Journalists investigated for calling to ignore the results of the elections in Peru



Lima, Jul 18 (EFE) .- The Peruvian Prosecutor’s Office opened a preliminary investigation for 30 days against the former ultra-right presidential candidate Rafael López Aliaga and three journalists from the Willax television channel for inciting to ignore the results of the elections of June 6, that according to the full scrutiny the leftist Pedro Castillo won.

Specifically, the Public Ministry accuses López Aliaga, of the ultraconservative party Renovación Popular, the Willax presenters Philip Butters and Beto Ortiz, as well as the general manager of the same channel, Enrique Luna Victoria, for allegedly having committed the crimes of conspiracy to sedition and serious disturbance of public tranquility, to the detriment of the State.

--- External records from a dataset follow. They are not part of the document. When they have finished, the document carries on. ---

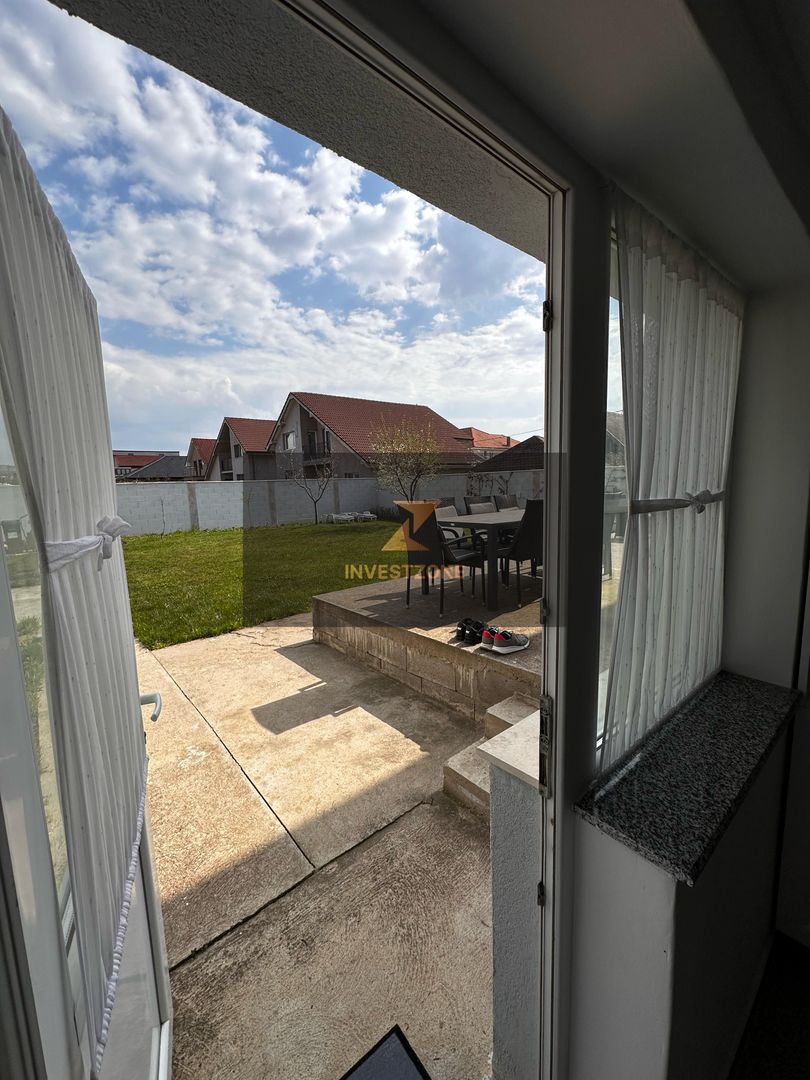 Casa de vanzare in cartierul Grigorescu/Oradea - Poză 22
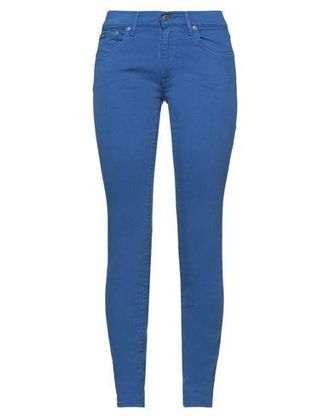 Ralph Lauren PARTES DE ABAJO - Pantalones vaqueros en YOOX.COM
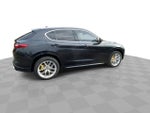 2021 Alfa Romeo Stelvio Ti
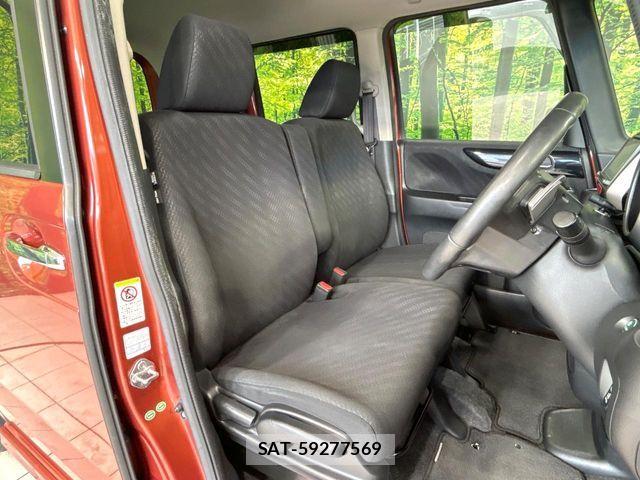 Honda N BOX CUSTOM 2014-04 8315905-7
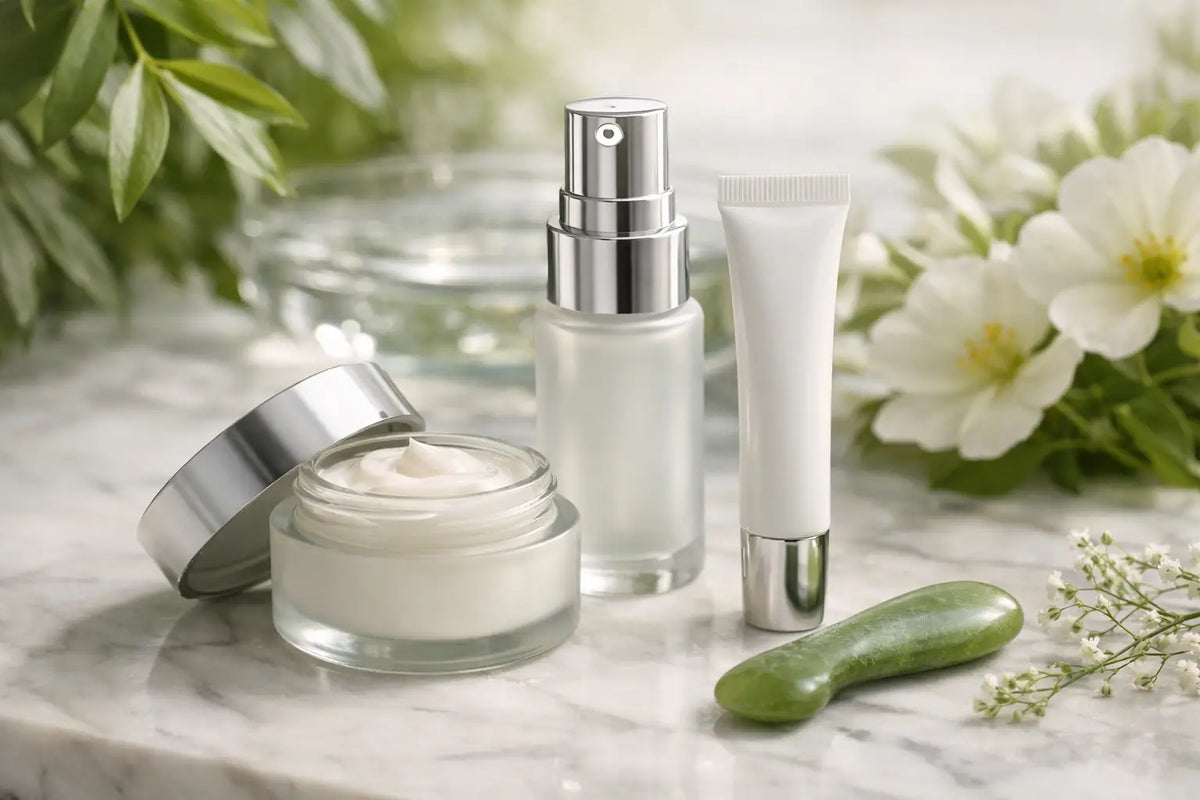 Choosing Eye Cream for Brighter, Firmer Eyes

In the text on the provision to open a preliminary investigation, prosecutor Juana Gladys maintains that Willax would have spread “news with conspiratorial connotations, inciting the electoral results to be unknown, trying to weaken electoral institutions and even calling for a coup”.

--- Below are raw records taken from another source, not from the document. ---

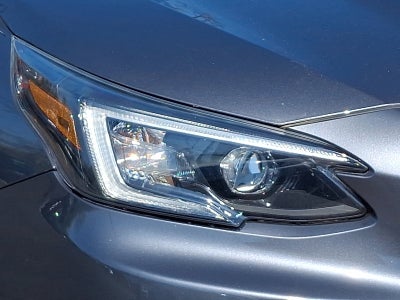 2022 Subaru Legacy Premium
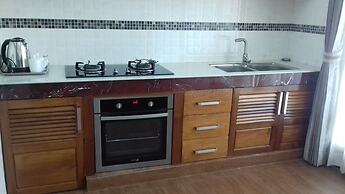 Rumnea Apartment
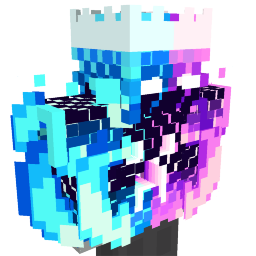Thumbnail of the Minecraft Bedrock Marketplace product Creeper King created by Monster Egg Studios.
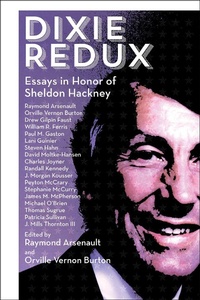 Enlarge image Cover: Dixie Redux - NewSouth Books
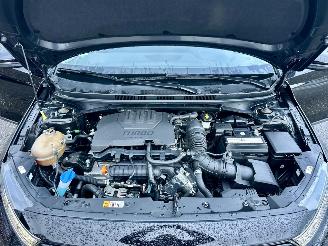 Hyundai Bayon Gereserveerd 1.0 T-GDI automaat Comf Smart Hybrid - nap - virtual - line assist - nav - camera - pdc - bleutooth tel lader picture 77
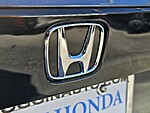 New 2025 Honda Accord Sedan LX in FT. PIERCE, FLORIDA (Photo 20)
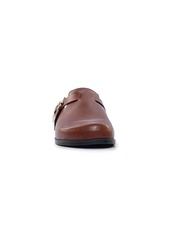 Bernardo Footwear Bernardo Easton Clog - Mahogany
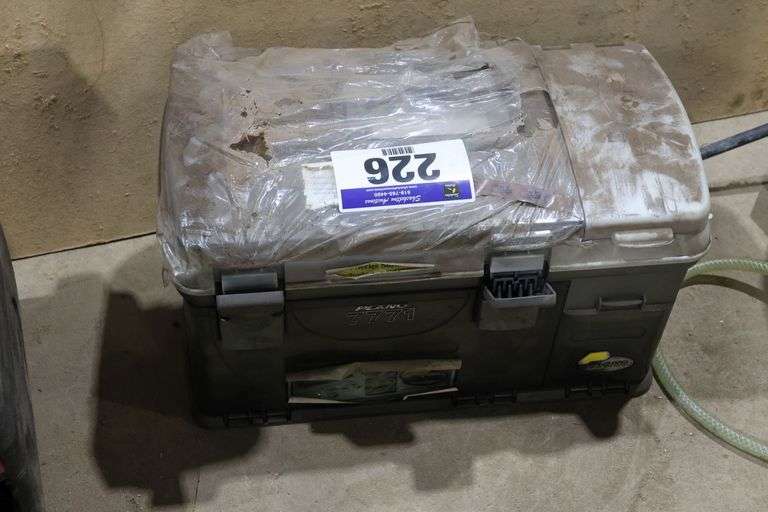 PLANO 7771 TACKLE BOX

He adds that the defendants would be using as a platform the party of López Aliaga, Renovación Popular, and the television channel Willax as “mass media to convey messages of hatred and instigation to kill” to members of the Peru Libre party, for which he ran. the presidency the virtual president-elect, Pedro Castillo.

The prosecutor mentions, for example, a proselytizing activity in which the leader of Renovación Popular exclaimed “death to Castillo”, “death to Cerrón” (the founder of the leftist group) and “death to communism and its representatives.”

He also cites several statements by the presenter Beto Ortiz, who in his program would have made “constant calls for acts of violence and the dissemination of false information.”

On one occasion, he affirmed that the president of the National Elections Jury (JNE), Peru’s supreme electoral body, was a “red judge” and “terrorist” and, on another occasion, “he hinted that there was the possibility of eventual electoral fraud. , with which it would be damaging the credibility “of the electoral entities.

Regarding Philip Butters, the prosecutor comments on an episode in which the presenter would be publicly inciting the public to remove the temporary president Francisco Sagasti and take control of the government, “whose action of conspiratorial idea would be being shared and publicly propagated by López Aliaga and his supporters. ”

In that sense, the magistrate points out that there would be “some kind of coordination” between the complainants “to ignore the legitimacy of a possible elected government or to prevent the next president from taking command.”

NO PROCLAMATION

The opening of this preliminary investigation comes in the final stretch of the polarized Peruvian electoral process, which in the second electoral round pitted the leftist Pedro Castillo with the rightist Keiko Fujimori.

More than a month after the tight ballot, the country is still waiting for the electoral court to resolve the latest challenges presented by the legal team of the Fujimori party Fuerza Popular and officially proclaim the winner who, according to the full vote count, was Castillo, with 50, 12% of preferences.

The delay in the proclamation is precisely due to the legal maneuvers of Fujimori, who from the day after the elections alleges, without presenting reliable evidence, that he was the victim of a “systematic fraud” and requested the annulment of the acts with some 200,000 votes of rural areas, where his rival won an overwhelming vote.

The claims of the Fujimori party were rejected in the first instance by the regional electoral juries and then passed to the JNE, which ultimately this week completed the process of publishing the resolutions declaring the appeals inadmissible.

Likewise, no electoral observation body, including the Organization of American States (OAS), has found signs of “fraud”, and the European Union, the United States, the United Kingdom, and Canada have expressed their confidence in the Peruvian electoral system and in that the elections were free and fair.